Cindy DiBiasi: Let's talk about the existing terrorism guidelines and how—what changes were made to these guidelines.
Dr. Markenson: Again, since the original guidelines came out, there were interesting changes, and there are a multitude that will be made. I want to highlight a few. We first talked about the drug treatments that were available for terrorism agents, and let's start with infectious diseases. Fluoroquinolones were in the framework of never to be used on a child. Absolutely never, don't touch it; every pediatrician knew it was a horrible thing to do. Yet it was a drug of choice for anthrax and some other of the infectious disease agents and presented a problem. We started down the road of, "Okay, maybe in special cases under special circumstances, a fluoroquinolone like Cipro would be good, but here are some alternatives, maybe not the best but good enough." Well, since that time, there's been a lot more literature showing that fluoroquinolones can be used in children. And we're using that them in other medical things for children, cancer treatments with infections, and others. So we now have to relook and say, "Maybe we don't need to be so conservative. Maybe we can use fluoroquinolones in a broader sense for children."
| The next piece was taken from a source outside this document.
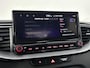Kia Xceed 1.6 GDi PHEV DynamicLine | Plug-in Hybrid | Navigatie | Stoelverwarming | Stuurwielverwarming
In addition, when we looked at chemical agents, there was something called a Mark 1 kit, the common antidote for nerve gas exposure, but there was no equivalent pediatric device, and we said, "But that's okay, because looking at the dosage, it actually works for children, and it works for children down to 3 with normal dosages and for any child," but now a new device came out. The problem was, it wasn't equivalent. It only had half of a Mark 1 kit and atropine, and although an appropriate pediatric dose, it's not out, so how do we look at that? And then in addition to those evolving changes, another example would be something that didn't exist. For smallpox, people in the adult population are talking about cidofavir, a drug that may have some utility although not proven with a lot of risks and problems, so people said, "Well, we're starting to talk about it in adult, so this time, instead of having peds as an after thought, why don't we think holistic with both pediatrics and adults?" We have new technology, new medication, and new approaches that we're able to analyze.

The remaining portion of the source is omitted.